Welcome aboard, and don't mind the strange ones, they mean no harm.


----------



## Logos (Oct 8, 2007)

Quickly while no one is looking. Speak to the Australians, we are the only sane ones.

Actually I'm getting pretty lonely. Haven't heard much from Chris or Hughsie for a while. I think All things Theatre is still out there though.


----------



## avkid (Oct 8, 2007)

Seriously, ignore the crazies.
I'm way more hardcore than most of them.


----------



## Hughesie (Oct 8, 2007)

Logos said:


> Quickly while no one is looking. Speak to the Australians, we are the only sane ones.
> 
> Actually I'm getting pretty lonely. Haven't heard much from Chris or Hughsie for a while. I think All things Theatre is still out there though.



im still around....just nothing has aroused my intrest in commenting on, i tell you who has disappeared ship, maybe because of the whole getting married thing.....

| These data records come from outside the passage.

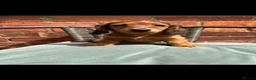 Miniature Dachshund dogs for sale: Long haired miniature dachshunds - Advert 19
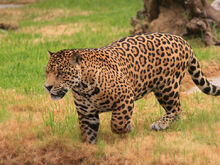 Jaguar.jpg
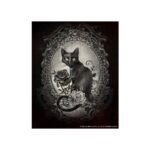 Alchemy Aufkleber Paracelsus Black Cat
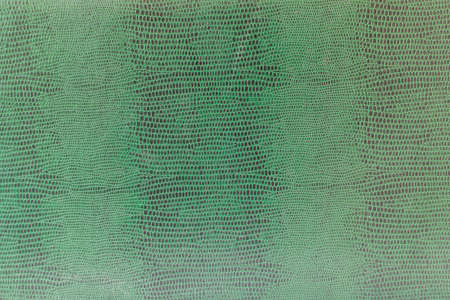 green leather fills in a whole screen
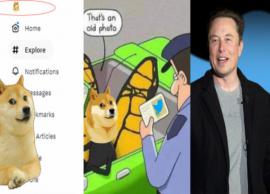 ட்விட்டர் பறவை பறந்தது... ஐகானாக நாய் வந்தது; எலான் மஸ்க் அதிரடி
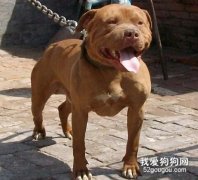 喂養比特犬應該注意什么？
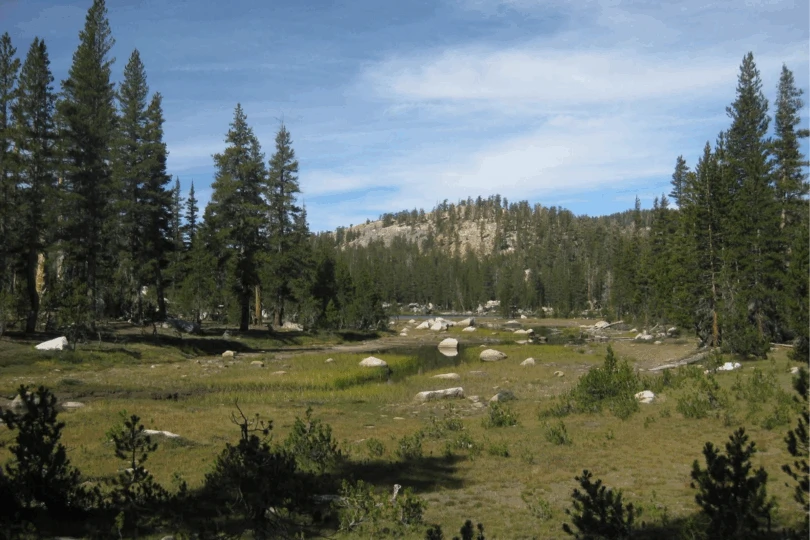 Green meadow with trees and lake in distance.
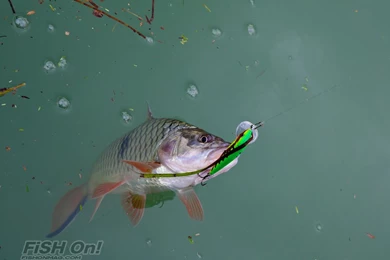 The Krasoob (Sebarau) Of Khao Laem Lake (Part 2)   Fish On ...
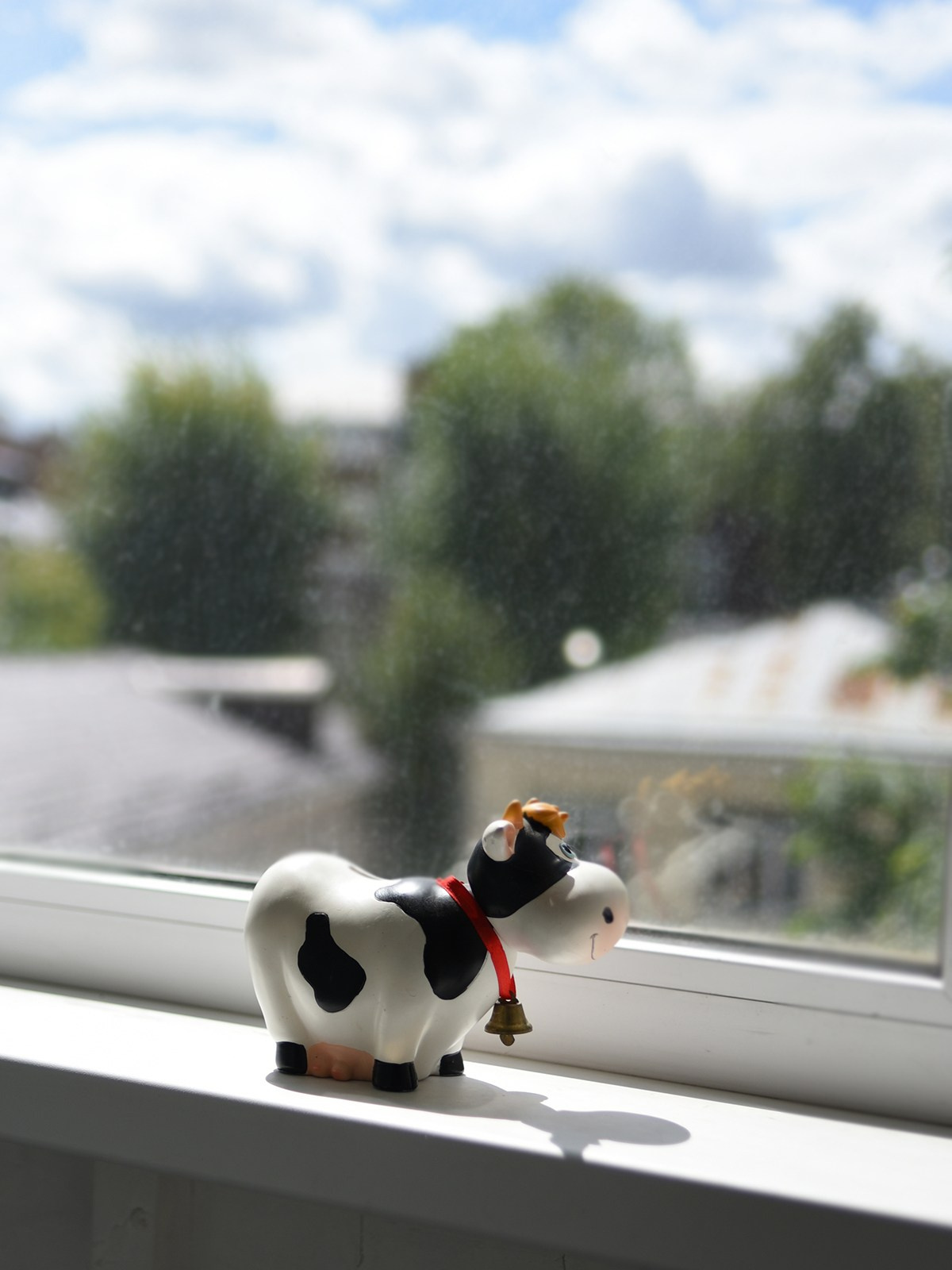 Предметные фото. Монохромный фотограф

oh and gaff is hunting me down i think, but it will take a while to get to me because australian customs is slow and bad "you got drugs sir, no you don't HERE HAVE SOME THEN"


----------



## Hughesie (Oct 9, 2007)

oh and welcome to the forum


----------



## Van (Oct 9, 2007)

avkid said:


> Seriously, ignore the crazies..............


 

You're just jealous 'cause the voices don't talk to you!


----------



## gafftaper (Oct 9, 2007)

I didn't reply within the first hour so suddenly I'm on Vacation? Unlike Van, I occasionally leave the presence of my computer for a few hours. 

Thank you to Interim Interrogator Officer Soundlight for handling all the formal questions. 

Welcome to the Booth... I'm not as crazy as they make me sound. I haven't heard the voices since I started taking my pills and talking to that nice man. I just wish they would give me a more comfortable shirt. It's hard to type with your arms like this. It's nice here. The walls are so soothing. Good bunny Charc.


----------



## montnc02 (Oct 9, 2007)

I will try to cover most of what was asked of me here:

I am a rigger professionally, I mainly work in a supervisor capacity when I am on site working since IATSE generally is the labor provider. When I am not being a rigger on site I am a technician, I work on hoists and inspect rigging hardware. After inspecting miles of truss, wire rope, and chain, and thousands of shackles I have become quite good at it. I study texts of related professions such as structural and mechanical engineering to better understand the forces at play in a given system. Electricity is also an interest of mine, and I treat it much the same way I treat a given rigging problem, with respect and knowledge of its power. When I blend the two forces together I am an automation systems designer. I use industrial automation components such as PLC's and drive units for 3 phase motors to aide productions. 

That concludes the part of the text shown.